Kukiz: Nie wykluczam
Paweł Kukiz w rozmowie z Interią nie wykluczył, że propozycja dotycząca pieniędzy z Funduszu Sprawiedliwości dla Tyszki mogła paść.
Byliśmy na spotkaniu ze Zbigniewiem Ziobrą i Januszem Kowalskim. Nie wykluczam, że taka propozycja dla Stanisława Tyszki mogła paść, nie pamiętam szczegółów. Nie wydaje mi się, żeby mijał się z prawdą. To wielce prawdopodobne - powiedział.
Kiedy nasza czwórka decydowała, kto będzie sprawował władzę, w kierunku Kukiz’15 padały różne propozycje, włącznie ze stanowiskami. Również ze strony ówczesnej opozycji, chociażby odnośnie do fotela wicemarszałka - dodał.
Zaznaczył, że osobiście nie otrzymał takich propozycji, “bo jego podejście do tego typu spraw jest powszechnie znane na polskiej scenie politycznej”, opisuje Interia.
W 99 proc. mogę powiedzieć, że w czasie pierwszej kadencji PiS, byliśmy przeciwko zmianom w ustawie, które umożliwiały wydatkowanie pieniędzy z Funduszu Sprawiedliwości na zapobieganie przestępstwom. Byłem przeciw, nie korzystałem z żadnych “dobrodziejstw” tego źródła - zaznaczył Kukiz.
Kowalski: Wymyślanie bzdur
Do wyznania polityka Konfederacji odniósł się w mediach społecznościowych sam Janusz Kowalski.
Wymyślanie bzdur tylko po to, aby wyjść jakoś ze swojego kłamstwa rzuconego kilka dni temu pod adresem... PiS (sic!) świadczy tylko o pośle Tyszce - napisał Kowalski na platformie X.
Czytaj także: Obajtek opublikował oświadczenie. "Nie będę małpą w cyrku Michała Szczerby"
Obciążające zeznania
Trwa śledztwo związane z Funduszem Sprawiedliwości. Były dyrektor Departamentu Funduszu Sprawiedliwości Tomasz Mraz ujawnił w ubiegłym tygodniu rzekome nieprawidłowości z nim związane. Twierdził, że były minister sprawiedliwości Zbigniew Ziobro miał zlecać organizowanie konkursów pod wybrane podmioty, którym pomagano też pisać wnioski.

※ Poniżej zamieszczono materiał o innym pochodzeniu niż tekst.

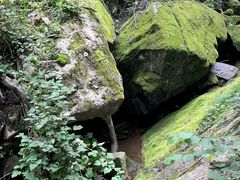 -西安祥峪森林公园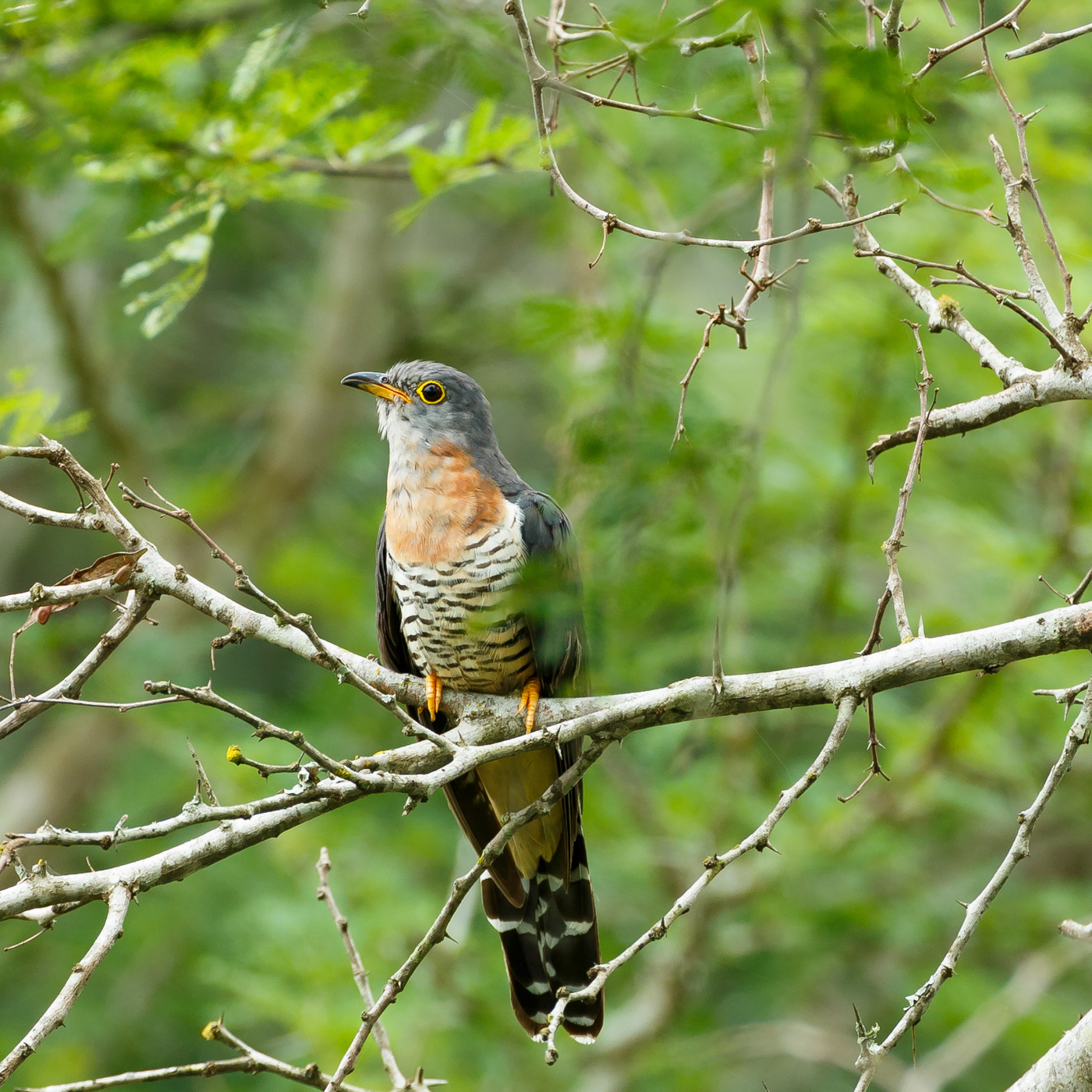 Red-chested Cuckoo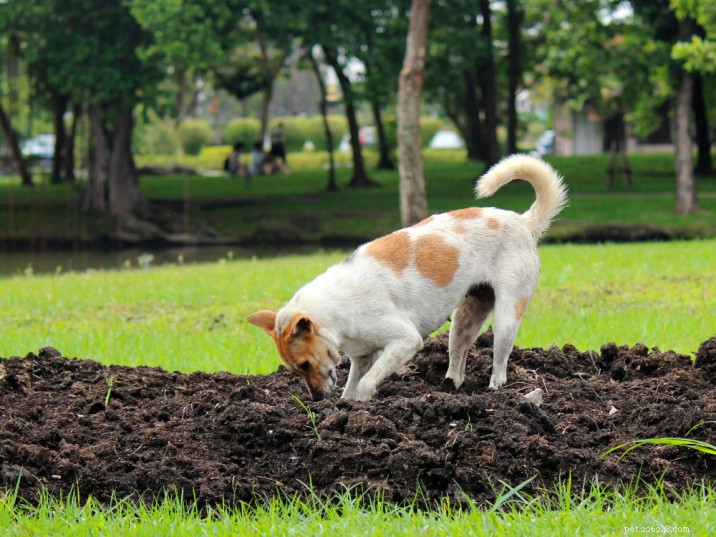 助けて!犬が堆肥を食べた！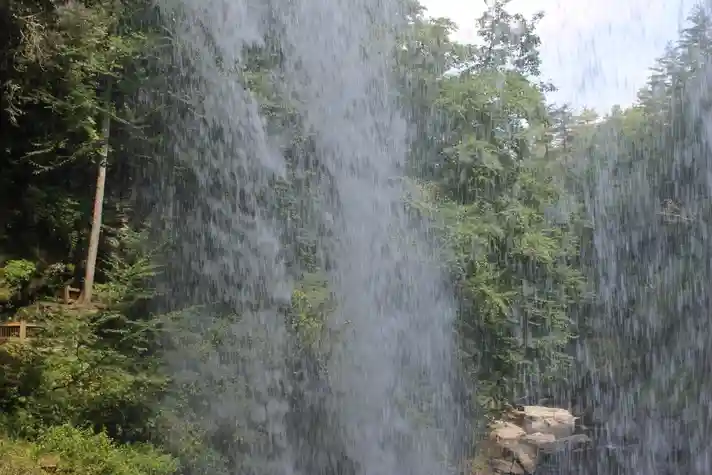 A forest pictured from behind a waterfall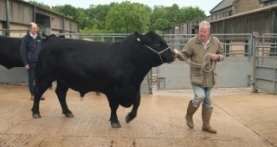 Ферма Кларксона 4 сезон 5 серия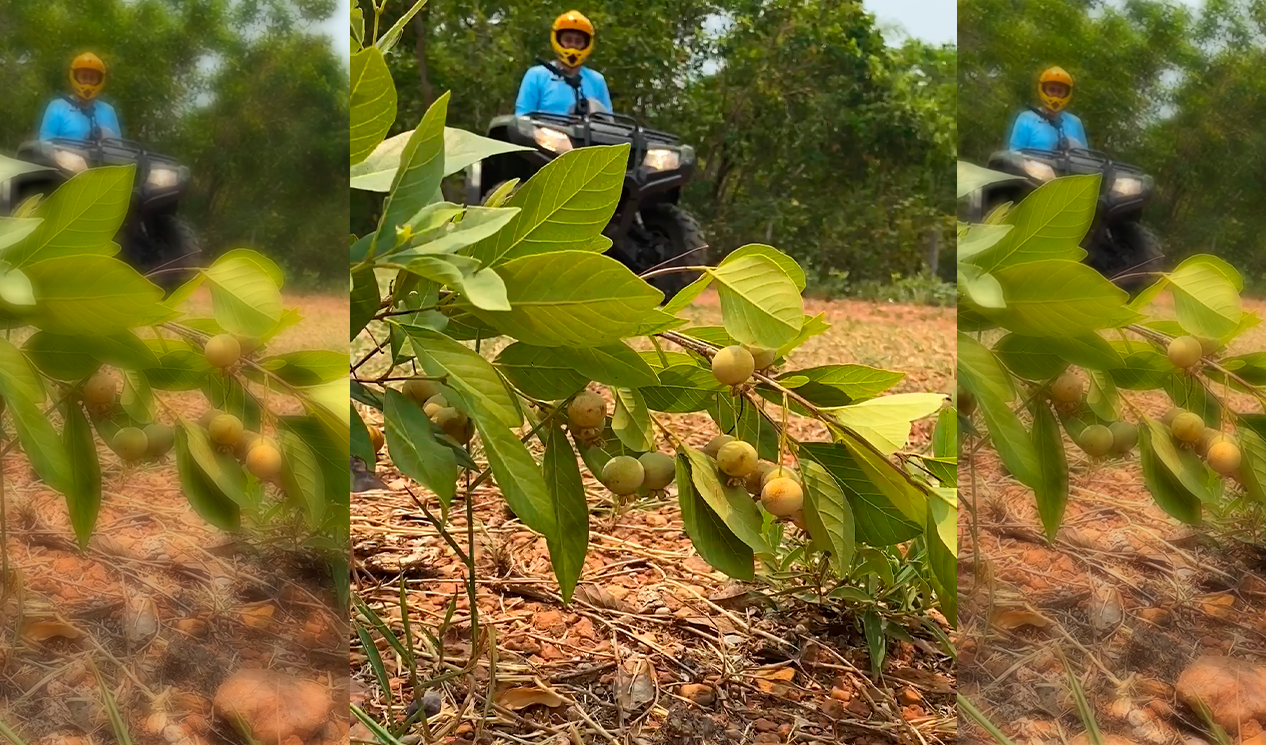 Aventura e Sabor: Desbrave a Trilha da Guavira em Bonito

Wiele razy minister Zbigniew Ziobro, minister Marcin Romanowski informowali podmioty przez siebie preferowane o tym, że konkurs zostanie ogłoszony, jakie będą jego warunki, jeszcze zanim konkurs został oficjalnie ogłoszony. Podmioty, na których zależało ministrom, otrzymywały pomoc w przygotowywaniu oferty - powiedział Mraz.